Equity in shares is rarely based on equity

Equity from aequus “even, just, equal. The uniform relation of one thing to others, equality, conformity, symmetry (From Etymology Online)

Equity in a venture means you have shares in the venture, where one share of yours is equal to a share of someone else.

Equity is often assigned to people who have made a financial investment. In a startup, the founders might get equity to account for the risk, time, and energy committed. 

But equity is rarely based on equity – rarely uniform, rarely equal and rarely symmetrical. 

Why?

Because we fail to consider and account for the multiple ways people can and do invest in a venture. 

We assign more value to money than we do to decades of knowledge that makes a task take 5 minutes rather than 2 days. Or to the thoughtfulness and care of the person who builds relationships and community naturally. Or to the person who has spent a lifetime building a global network of strong relationships that will benefit the venture.

When we give someone investing money more equity than someone investing other profound expressions of value, we debase the values of other-than-money contributions.

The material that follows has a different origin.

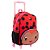 Mochila de Rodinhas Média Sestini Kids X Joaninha Vermelho - Imagem 3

This is not creating equality. Or justice. Or fairness.

Rather, it is reinforcing a very broken system of investment that debases the amazing and diverse contributions humans have to make when invited. 

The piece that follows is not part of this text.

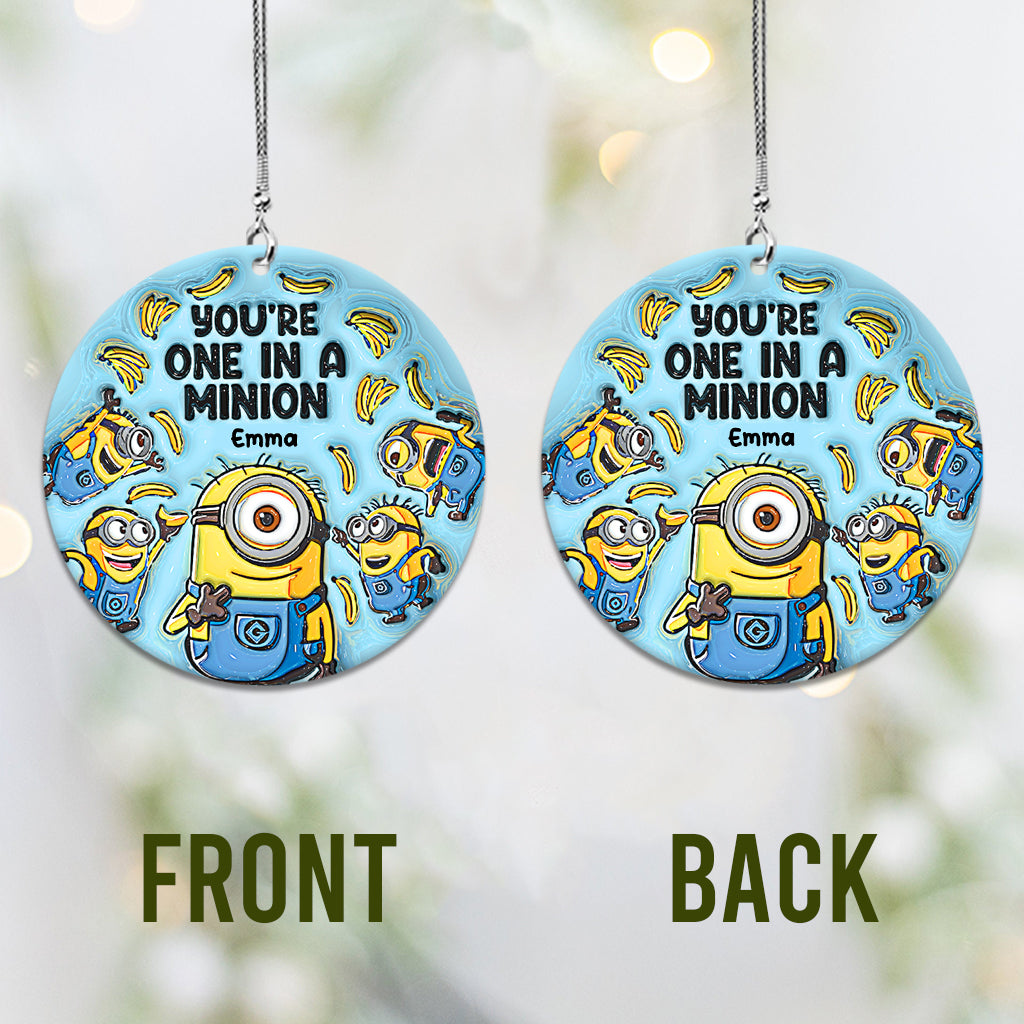 One In A Minion - Personalized Car Ornament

In the Syntropic Foundations Masterclass, we teach you the Synergistic Accounting tool, which ensures we account for multiple domains of value and contribution. And in so doing, creates a context for people to be diversely different and synergistically effective, knowing they are seen and acknowledged for their contribution. 

At its core, Synergistic Accounting seeks real equity and equality, absent any form of exploitation.

For a world with a future where justice and equality are the ground.